Spence lives on the Sawbill Trail in Cook County, which he said “makes it pretty easy for me to get into the woods.” In addition, Spence works construction throughout the county, providing ample opportunity to scout to and from work. “I often, not always, but often bring my camera to work because the commute in the morning and evening can be pretty good for wildlife.”
While Spence’s photography is widely known along the North Shore for capturing stunning photos of Canada lynx, moose, or other critters in northern Minnesota, his path in photography started with capturing photos of waterfalls and the northern lights nearly 12 years ago.
“I liked the long exposure of waterfalls and how people would smooth out the water,” Spence said. “And I thought, I need to learn how to do that.”

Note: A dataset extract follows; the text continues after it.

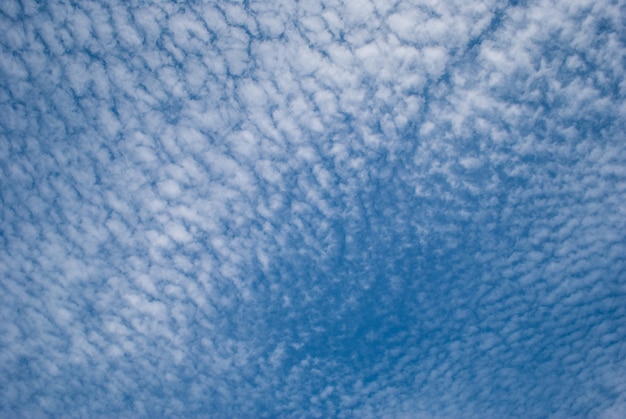 Foto lindo céu azul com nuvens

In his early years, while developing his skill for photography, Spence spent a considerable amount of time exploring the woods, rivers, and lakes in the Superior National Forest with his Canon Powershot.
“There was a bit of a learning curve, like knowing what gear to use, as well as the technical aspects of the camera,” Spence said.
It wasn’t long before he decided to upgrade his photography equipment to a Canon 660D and sign up for a workshop from photographer Bryan Hansel. “A workshop really came in handy. It helped to have a professional show you hands-on exactly what each setting does in relation to other settings,” Spence said.
After the workshop, Spence was hooked. “Ever since then, it’s kind of been an out-of-control hobby that pretty much takes up all my spare time,” he said.
Throughout the past 12 years, Spence’s hobby has grown in notoriety along the North Shore and, more recently, internationally. In November of 2022, Spence received an email from a curator for the Art in Embassies program. The curator and the U.S. ambassador to Kenya, Meg Whitman, wanted to feature wildlife in the United States inside the embassy in Nairobi, Kenya. The curator found Spence’s wildlife photos online and reached out.
Spence said he was “quite shocked” after opening the email and learning more about the program. “I mean, it’s quite an honor.”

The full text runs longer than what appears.